→ **PROBLEM REQUIREMENTS**
Every line between the one containing "Коробка раздаточная" and the last line of the data, both included, is to be set down exactly, and pictures are to be omitted.

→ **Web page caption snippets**
*** Begin section ***

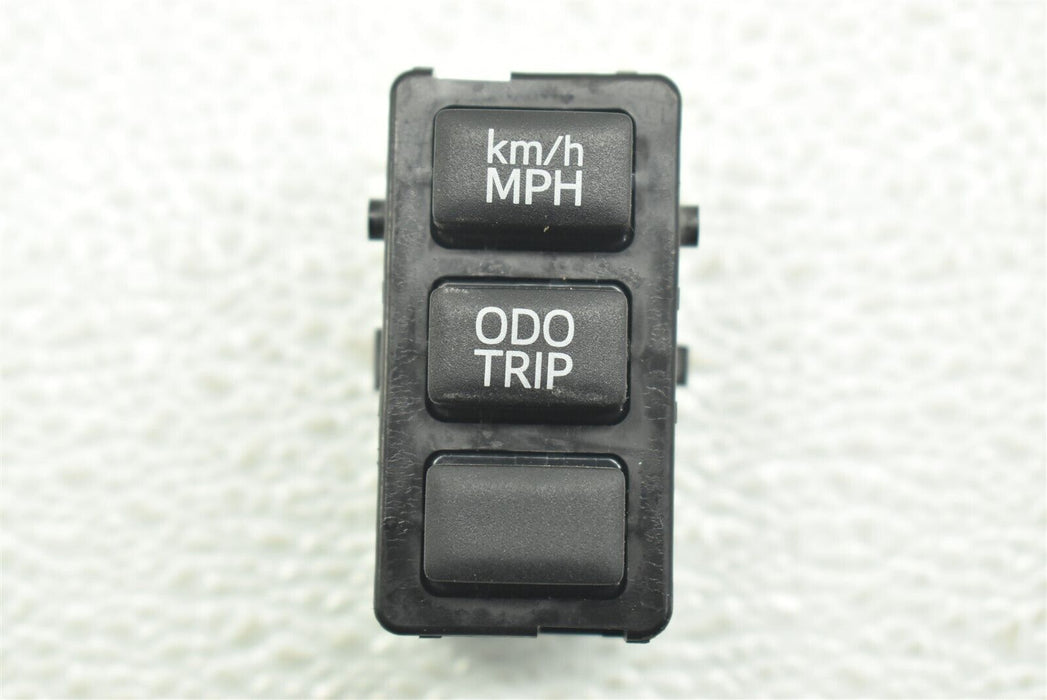 2013-2020 Subaru BRZ MPH ODO Trip Button Switch 13-20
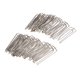 thumbnail image 3 of Ganchos para cortina de Ducha Gloria de 30 piezas Anillos de metal para Baño Y Ducha, 3 of 9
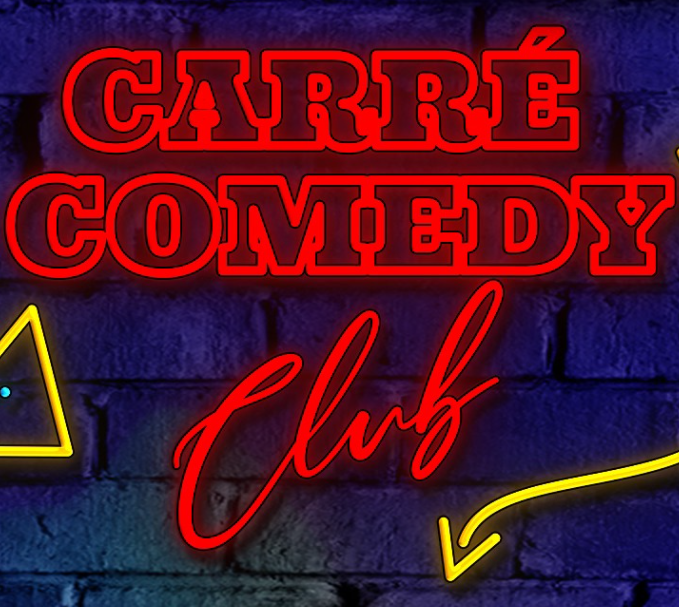 CARRÉ COMEDY CLUB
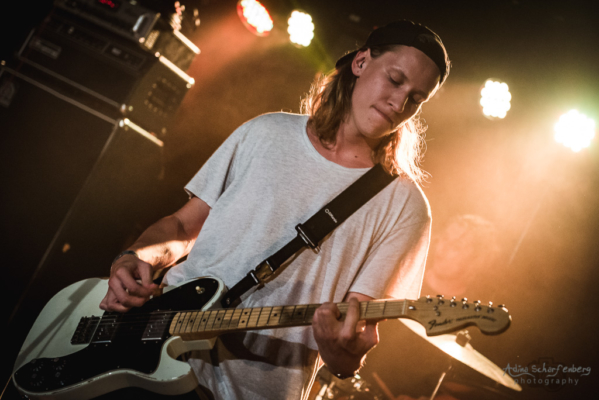 Elm Tree Circle at Bi Nuu, Berlin (2016)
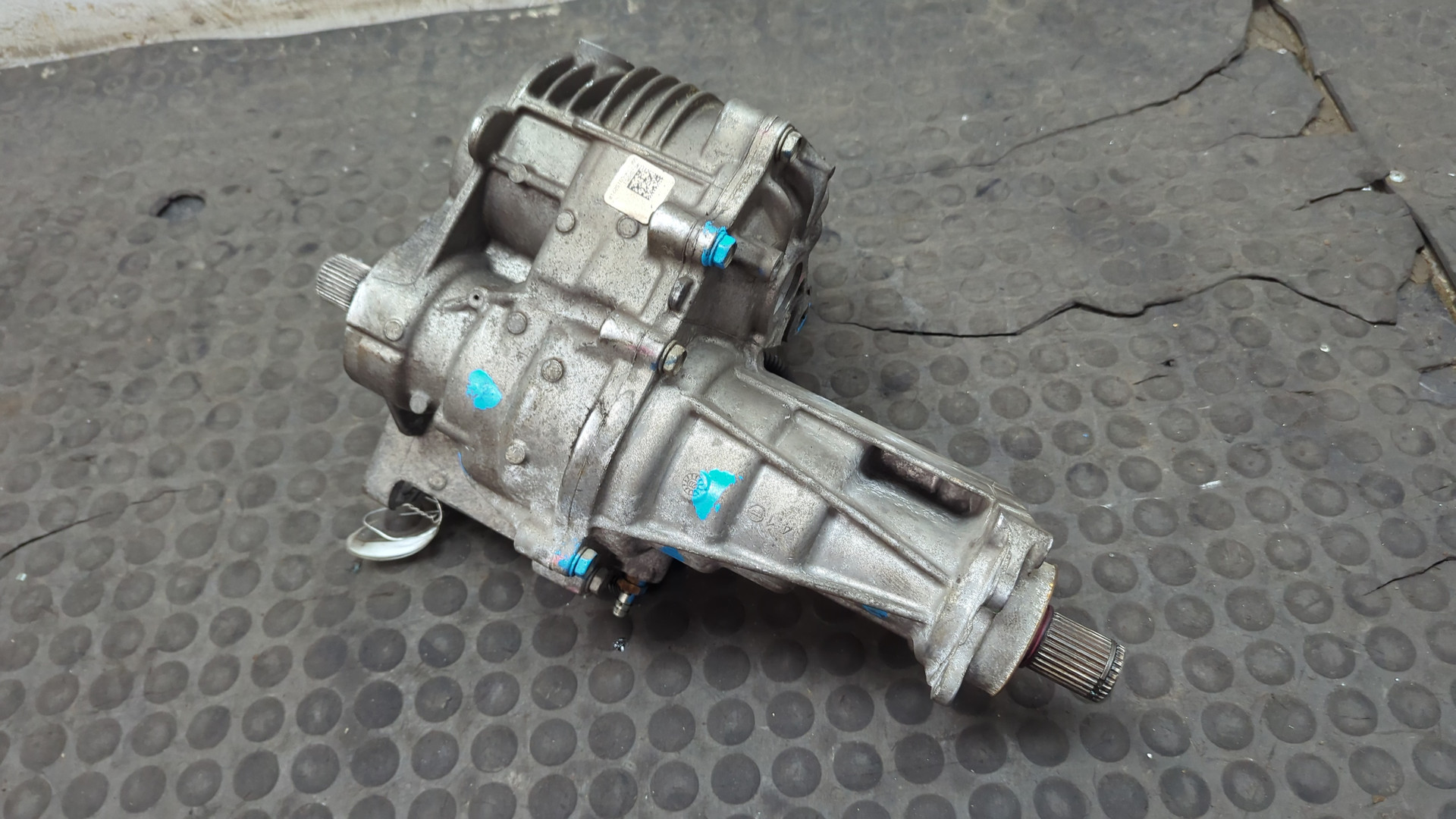 Коробка раздаточная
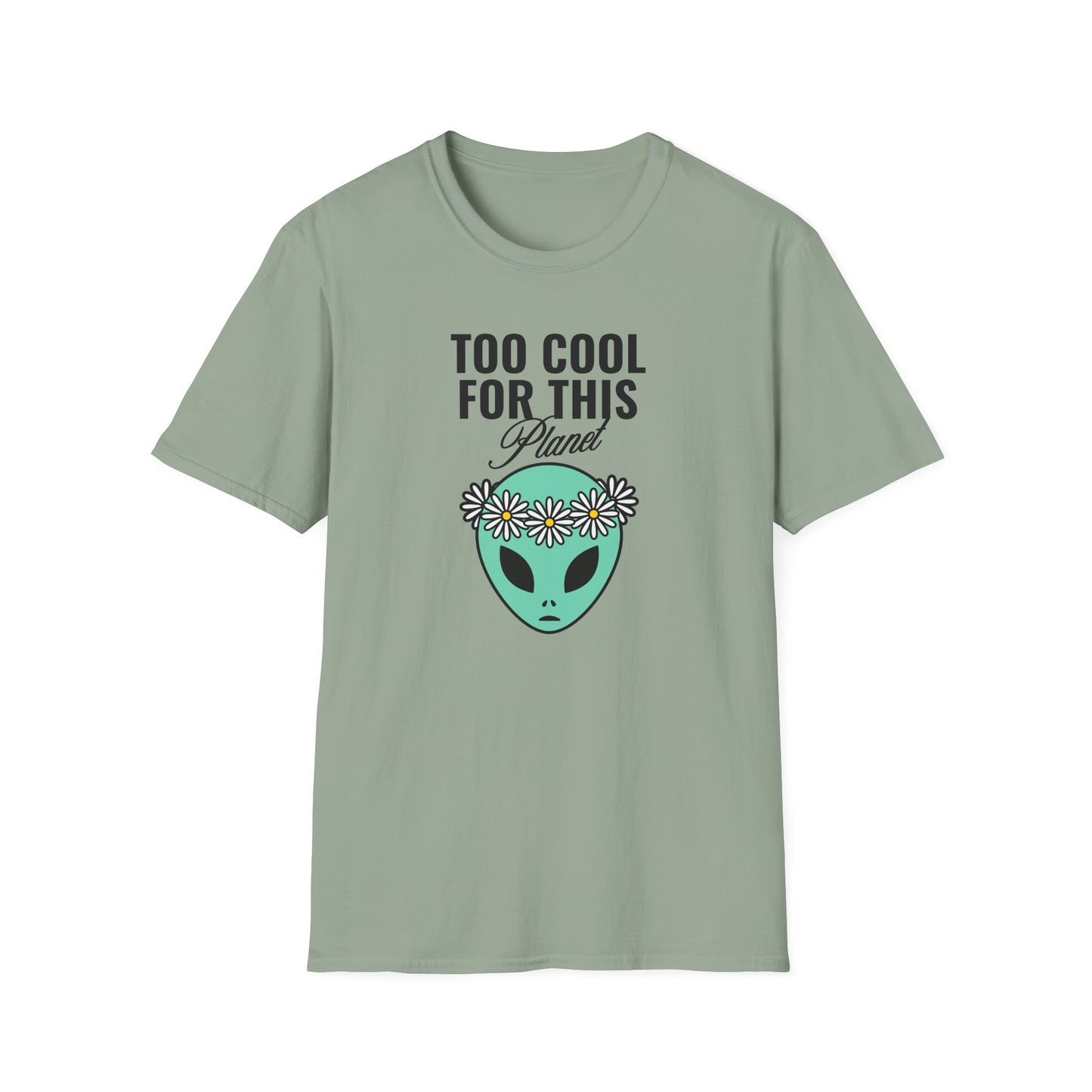 Funny T Shirts, UFO Tees, Funny Aliens Shirt - 22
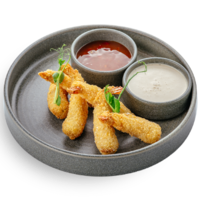 Креветка темпура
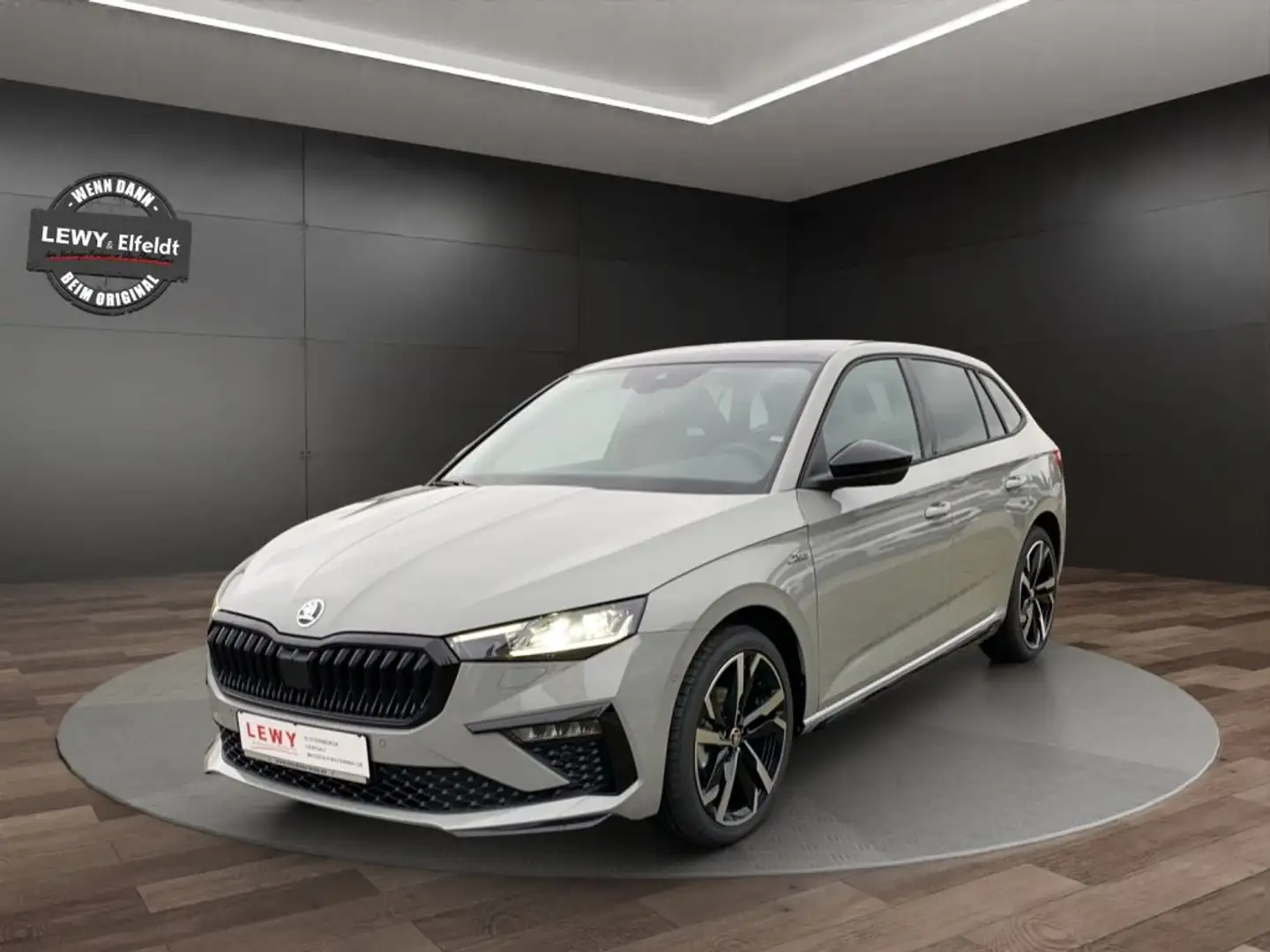 Skoda Scala 1.5 TSI DSG Monte Carlo Grau - 1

*** End section ***

→ **TASK RESPONSE**
 Коробка раздаточная
 Funny T Shirts, UFO Tees, Funny Aliens Shirt - 22
 Креветка темпура
 Skoda Scala 1.5 TSI DSG Monte Carlo Grau - 1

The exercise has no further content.